Psychiatric Perspectives on Juvenile Huntington’s Disease

Joshua R. Smith, MD, is Assistant Professor of Psychiatry and Behavioral Sciences in the Division of Child and Adolescent Psychiatry at Vanderbilt University Medical Center.

I have been a practicing psychiatrist for eight years, three of which have been at Vanderbilt University Medical Center. In the last two years, I founded a clinic focused on psychiatric care for individuals with neurodevelopmental conditions.

During this time, I’ve come to appreciate the profound impact that rapid identification and treatment of psychiatric symptoms can have on those with comorbid neurodevelopmental conditions such as JHD. However, identifying a neurodevelopmental condition as a potential cause of psychiatric symptoms may lead to patients being unable to find a collaborative team of providers willing to address all aspects of clinical care.

 In my clinic, I have seen significant improvements in the quality of life for children and adults with neurodevelopmental conditions, when care is addressed collaboratively between neurology, medicine, and psychiatry.
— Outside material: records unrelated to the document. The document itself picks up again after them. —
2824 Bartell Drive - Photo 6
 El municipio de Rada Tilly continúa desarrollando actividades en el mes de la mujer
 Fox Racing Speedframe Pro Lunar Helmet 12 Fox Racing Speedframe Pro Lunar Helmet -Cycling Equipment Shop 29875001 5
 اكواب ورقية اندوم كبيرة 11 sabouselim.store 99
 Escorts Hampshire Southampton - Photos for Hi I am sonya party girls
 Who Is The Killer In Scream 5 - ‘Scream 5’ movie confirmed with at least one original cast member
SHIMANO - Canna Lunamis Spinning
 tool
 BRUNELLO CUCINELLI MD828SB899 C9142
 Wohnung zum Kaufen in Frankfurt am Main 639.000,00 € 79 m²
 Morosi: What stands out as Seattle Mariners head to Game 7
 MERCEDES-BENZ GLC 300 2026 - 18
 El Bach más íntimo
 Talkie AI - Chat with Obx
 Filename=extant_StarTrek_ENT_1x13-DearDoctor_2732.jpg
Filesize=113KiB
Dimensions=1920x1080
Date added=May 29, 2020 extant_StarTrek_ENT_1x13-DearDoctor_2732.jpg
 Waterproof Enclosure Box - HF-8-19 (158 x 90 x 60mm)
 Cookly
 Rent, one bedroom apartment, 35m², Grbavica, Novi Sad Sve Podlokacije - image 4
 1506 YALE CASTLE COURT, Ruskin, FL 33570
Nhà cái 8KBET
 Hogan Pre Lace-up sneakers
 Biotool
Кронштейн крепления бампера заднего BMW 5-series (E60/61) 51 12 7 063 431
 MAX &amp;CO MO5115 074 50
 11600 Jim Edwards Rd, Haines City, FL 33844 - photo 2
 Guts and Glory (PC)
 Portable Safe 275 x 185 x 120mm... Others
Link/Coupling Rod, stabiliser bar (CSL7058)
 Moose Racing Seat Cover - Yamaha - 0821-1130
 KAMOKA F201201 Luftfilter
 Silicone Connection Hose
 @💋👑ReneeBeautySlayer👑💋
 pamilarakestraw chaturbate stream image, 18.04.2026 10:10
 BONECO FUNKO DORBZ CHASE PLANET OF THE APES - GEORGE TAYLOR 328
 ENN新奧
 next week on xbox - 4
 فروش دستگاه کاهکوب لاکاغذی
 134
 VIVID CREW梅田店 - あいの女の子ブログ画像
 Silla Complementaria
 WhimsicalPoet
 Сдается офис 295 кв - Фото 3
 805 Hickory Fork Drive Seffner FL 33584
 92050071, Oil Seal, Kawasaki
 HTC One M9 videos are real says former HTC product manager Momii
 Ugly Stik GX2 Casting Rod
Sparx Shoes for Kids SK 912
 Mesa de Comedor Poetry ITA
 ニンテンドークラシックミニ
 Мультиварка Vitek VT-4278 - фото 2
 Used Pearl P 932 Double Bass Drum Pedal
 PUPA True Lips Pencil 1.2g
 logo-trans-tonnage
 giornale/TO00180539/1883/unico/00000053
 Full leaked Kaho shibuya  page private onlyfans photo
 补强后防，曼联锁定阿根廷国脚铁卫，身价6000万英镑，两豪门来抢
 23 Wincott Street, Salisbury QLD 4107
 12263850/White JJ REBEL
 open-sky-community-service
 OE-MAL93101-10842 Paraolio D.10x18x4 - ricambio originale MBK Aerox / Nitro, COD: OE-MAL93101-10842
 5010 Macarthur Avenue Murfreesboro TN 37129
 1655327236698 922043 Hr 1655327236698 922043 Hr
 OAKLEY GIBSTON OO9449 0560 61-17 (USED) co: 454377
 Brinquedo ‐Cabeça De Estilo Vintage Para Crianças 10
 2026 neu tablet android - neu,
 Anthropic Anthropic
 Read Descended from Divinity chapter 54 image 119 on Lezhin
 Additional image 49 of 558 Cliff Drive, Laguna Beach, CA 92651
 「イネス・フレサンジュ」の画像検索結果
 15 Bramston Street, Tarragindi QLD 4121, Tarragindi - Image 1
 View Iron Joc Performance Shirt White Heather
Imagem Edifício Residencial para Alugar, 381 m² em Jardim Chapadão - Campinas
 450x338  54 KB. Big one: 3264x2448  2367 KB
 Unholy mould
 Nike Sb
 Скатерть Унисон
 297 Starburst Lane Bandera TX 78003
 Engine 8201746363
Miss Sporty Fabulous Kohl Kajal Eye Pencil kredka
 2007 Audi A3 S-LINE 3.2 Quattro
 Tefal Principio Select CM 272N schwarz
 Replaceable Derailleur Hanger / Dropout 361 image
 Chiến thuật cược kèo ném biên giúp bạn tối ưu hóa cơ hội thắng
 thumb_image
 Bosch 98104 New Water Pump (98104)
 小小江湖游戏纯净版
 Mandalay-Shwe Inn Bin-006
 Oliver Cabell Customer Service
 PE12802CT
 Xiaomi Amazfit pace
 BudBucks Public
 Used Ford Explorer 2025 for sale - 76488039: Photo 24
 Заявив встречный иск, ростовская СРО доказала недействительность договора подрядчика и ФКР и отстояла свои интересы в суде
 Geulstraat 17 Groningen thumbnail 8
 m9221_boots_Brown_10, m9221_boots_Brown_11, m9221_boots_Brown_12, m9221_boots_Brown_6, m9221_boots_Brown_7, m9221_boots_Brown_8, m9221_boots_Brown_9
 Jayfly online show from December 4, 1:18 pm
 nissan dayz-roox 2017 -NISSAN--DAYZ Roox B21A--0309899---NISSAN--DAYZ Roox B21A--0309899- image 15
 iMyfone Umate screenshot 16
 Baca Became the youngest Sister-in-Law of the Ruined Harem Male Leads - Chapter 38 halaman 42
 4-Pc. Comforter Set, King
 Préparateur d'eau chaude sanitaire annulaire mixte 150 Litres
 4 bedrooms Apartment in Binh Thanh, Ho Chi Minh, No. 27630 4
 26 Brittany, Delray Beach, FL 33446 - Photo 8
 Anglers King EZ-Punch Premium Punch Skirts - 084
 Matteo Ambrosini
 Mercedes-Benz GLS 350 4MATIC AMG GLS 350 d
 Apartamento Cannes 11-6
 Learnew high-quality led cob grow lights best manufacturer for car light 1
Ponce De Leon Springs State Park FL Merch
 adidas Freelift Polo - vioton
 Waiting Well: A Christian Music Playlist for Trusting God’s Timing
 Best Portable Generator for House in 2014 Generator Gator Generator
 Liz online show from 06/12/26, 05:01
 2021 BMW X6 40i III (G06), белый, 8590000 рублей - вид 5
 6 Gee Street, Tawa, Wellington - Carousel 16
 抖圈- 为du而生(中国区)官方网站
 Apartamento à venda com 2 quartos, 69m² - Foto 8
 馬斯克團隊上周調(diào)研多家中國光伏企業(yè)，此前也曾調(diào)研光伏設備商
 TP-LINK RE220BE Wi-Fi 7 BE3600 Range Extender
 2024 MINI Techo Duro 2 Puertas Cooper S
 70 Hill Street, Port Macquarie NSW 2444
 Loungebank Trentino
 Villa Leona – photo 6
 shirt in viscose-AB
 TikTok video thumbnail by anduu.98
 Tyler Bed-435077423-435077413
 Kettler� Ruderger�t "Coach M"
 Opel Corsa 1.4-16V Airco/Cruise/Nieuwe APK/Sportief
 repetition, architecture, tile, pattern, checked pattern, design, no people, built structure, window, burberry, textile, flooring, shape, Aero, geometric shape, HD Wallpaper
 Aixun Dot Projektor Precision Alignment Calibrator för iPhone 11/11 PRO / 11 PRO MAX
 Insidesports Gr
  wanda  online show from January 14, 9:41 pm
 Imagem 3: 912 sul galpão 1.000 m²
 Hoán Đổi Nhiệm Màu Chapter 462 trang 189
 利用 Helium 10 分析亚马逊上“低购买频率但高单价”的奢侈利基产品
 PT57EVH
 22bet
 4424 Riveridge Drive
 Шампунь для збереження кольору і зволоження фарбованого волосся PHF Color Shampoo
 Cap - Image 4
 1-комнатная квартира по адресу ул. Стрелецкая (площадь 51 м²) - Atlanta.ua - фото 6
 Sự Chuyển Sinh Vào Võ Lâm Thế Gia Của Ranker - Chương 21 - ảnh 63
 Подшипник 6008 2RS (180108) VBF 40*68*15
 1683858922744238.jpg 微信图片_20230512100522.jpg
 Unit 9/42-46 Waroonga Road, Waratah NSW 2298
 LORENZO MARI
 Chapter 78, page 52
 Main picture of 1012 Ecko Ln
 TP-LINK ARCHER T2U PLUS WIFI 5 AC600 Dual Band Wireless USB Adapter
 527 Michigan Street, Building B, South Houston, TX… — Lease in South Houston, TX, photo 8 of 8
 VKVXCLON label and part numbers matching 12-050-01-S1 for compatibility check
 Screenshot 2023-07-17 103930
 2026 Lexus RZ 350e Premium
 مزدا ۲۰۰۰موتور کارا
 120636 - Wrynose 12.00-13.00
Given these observations, I offer the following summary of psychiatric care in JHD with the hope that it will lead to further collaboration, research, and enhanced clinical care for this underserved population.

Huntington’s disease (HD) is a condition that embodies at the interface of neurology, psychiatry, and genetics. There has been growing evidence of HD as a neurodevelopmental disorder, especially when presenting before age twenty-one or ten, defined as juvenile HD (JHD) and childhood-onset HD (COHD).1 In JHD and COHD, psychiatric symptoms may present before motor abnormalitie, and are often identified retrospectively.2 The most common psychiatric symptoms in JHD are impulsivity, aggression, and oppositional behaviors. Patients may also experience suicidal ideation, psychosis, and depression, however, these are less common.2

Diagnostically, these psychiatric symptoms are non-specific. They may occur in a myriad of primary psychiatric conditions, including, but not limited to, the following: depression, bipolar disorder, and schizophrenia. The challenge of diagnosis is further complicated when occurring in children, as symptoms of irritability, impulsivity, and oppositionality are common in many pediatric psychiatric conditions.3–5 Thus, a family and developmental history is critical in assessing a child or an adult when prodromal HD is on the differential.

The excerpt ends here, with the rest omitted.